For more information about AMP Engine, go to the Alteryx AMP Engine and Engine help pages. 

General Topics

Why do I want to enable AMP engine?
  • For most use cases AMP engine provides significant performance and efficiency improvements over the original Engine when provided with sufficient system resources. For more information on system resource requirements and recommendations, see the sections How to manage system resources with AMP? and What are the AMP engine system requirements?.
  • AMP is designed to work with larger volumes of data at a higher velocity and typically executes workflows faster, with more complete usage of machine resources compared to the original Engine. 
  • The original Engine architecture allows for mostly single-threaded processing, where your data are processed record-by-record sequentially. On the other hand, the new AMP concept allows for massively multi-threaded processing. AMP processes records in packets to improve run times, and tools can run in parallel. AMP also uses more performant algorithms when grouping and sorting records which can affect the output record order.
  • The AMPlify Your Workflows article describes some of the performance benefits of using the AMP engine:
    • The most commonly used tools will perform best on AMP. 
    • The benefit of AMP typically increases as data sizes become larger.
    • Performance varies based on data sizes, underlying hardware, data center and network infrastructure, Alteryx Server configuration, and workflow construction. 

Benchmark Results

We used the following measurements for benchmarking:

  • Workflow throughput = (workflows / runtime). Runtime is the total time to run a workflow. 
  • Engine throughput = (workflows / engine_runtime). Engine_runtime is the time when the engine runs a workflow. 
  • Workflows = number of workflows.

When there is only 1 workflow, there is no significant time difference between the engine throughput and the workflow throughput. If there are 2 workflows in a queue with just 1 worker, the runtime of the first workflow impacts the runtime of the second one.
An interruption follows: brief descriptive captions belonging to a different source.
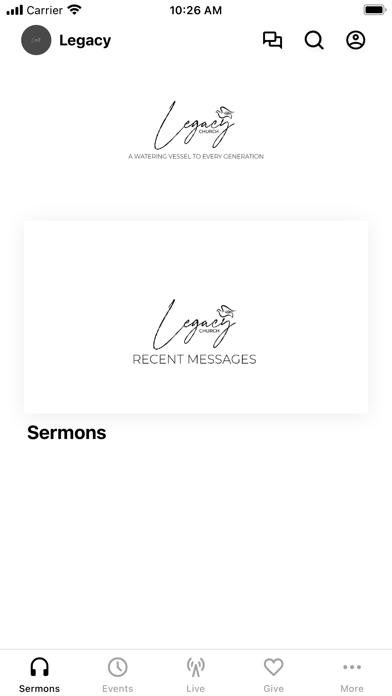 Legacy Church Crawfordsville Screenshot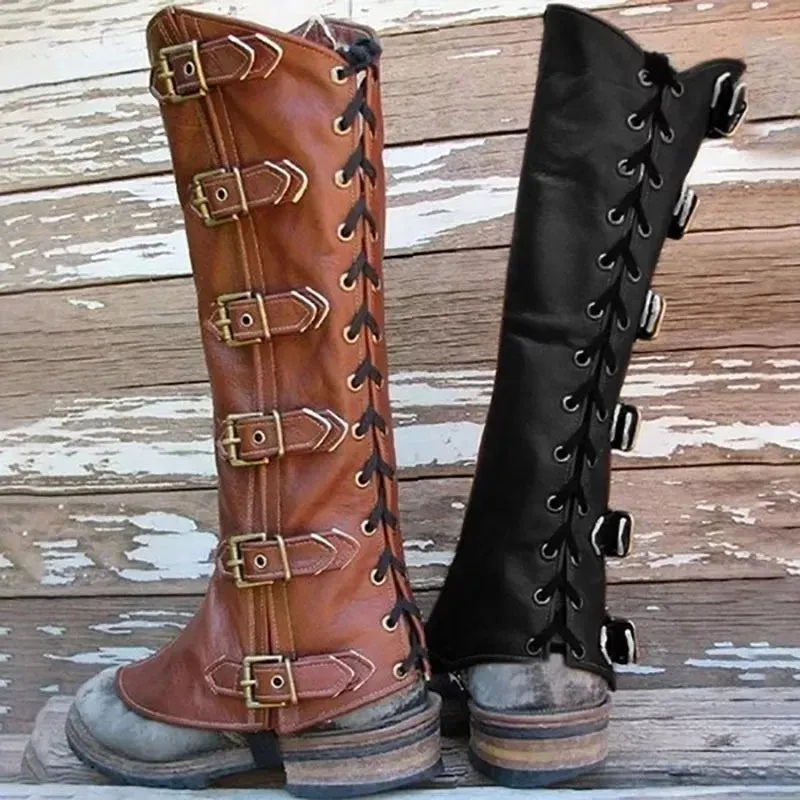 Funki Buys | Boots | Men's Women's LARP Leather Leg Armor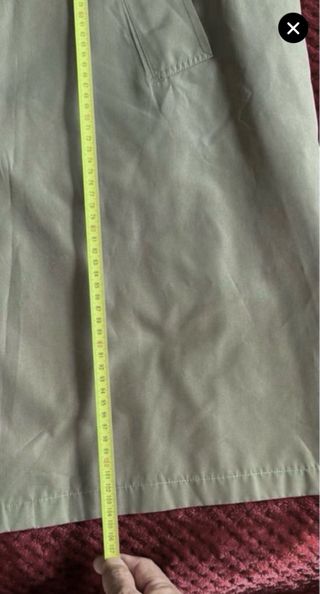 BURBERRY TRENCH GABARDINA LIGERA HOMBRE VERDOZA L 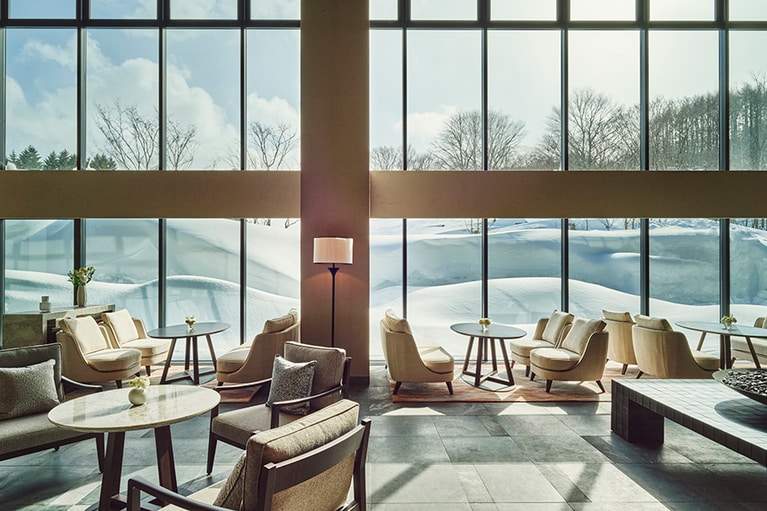 ANAインターコンチネンタル安比高原リゾート［岩手／安比高原］クラブラウンジ。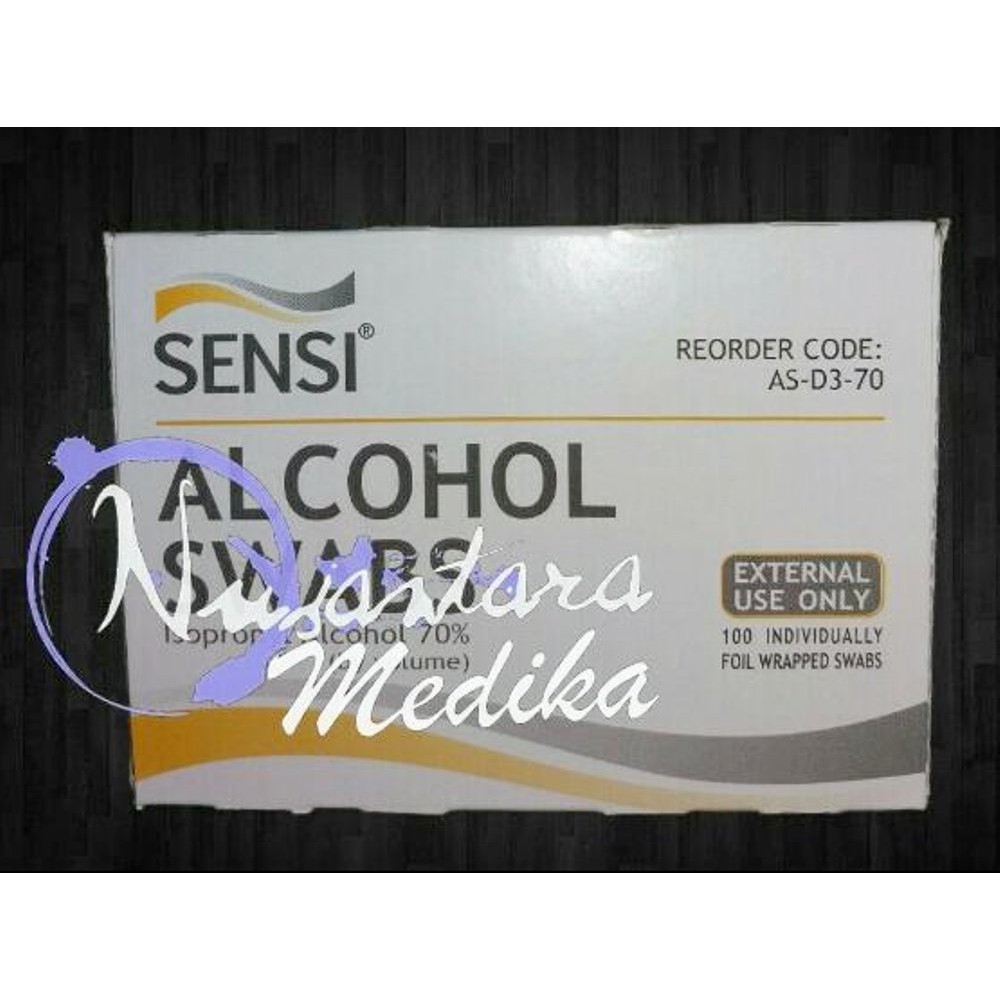 Alkohol Swab / Kapas Alkohol / Tissue Alkohol / Sensi Alcohol Swabs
Benchmark Results for a Typical Data Prep Task


Benchmark results for a typical data prep task.

Benchmark results for a typical data prep task.

Benchmark Results for a Typical CPU Heavy Predictive or Machine Learning Task


Benchmark results for a typical CPU heavy predictive or machine learning task.

Benchmark results for a typical CPU heavy predictive or machine learning task.

For more information, see documentation links at the bottom of this document. 

What changes were made in Designer and Server?

Designer has enabled AMP by default for new workflows. For new Server installations or new workers on existing Servers, the default will be to allow both AMP and original Engine execution. Workflow settings determine which engine is used. 

What if I want to preserve my current engine system settings?

1.    Controller > General > Enable AMP Engine 

      1.  Before upgrading, note your current settings.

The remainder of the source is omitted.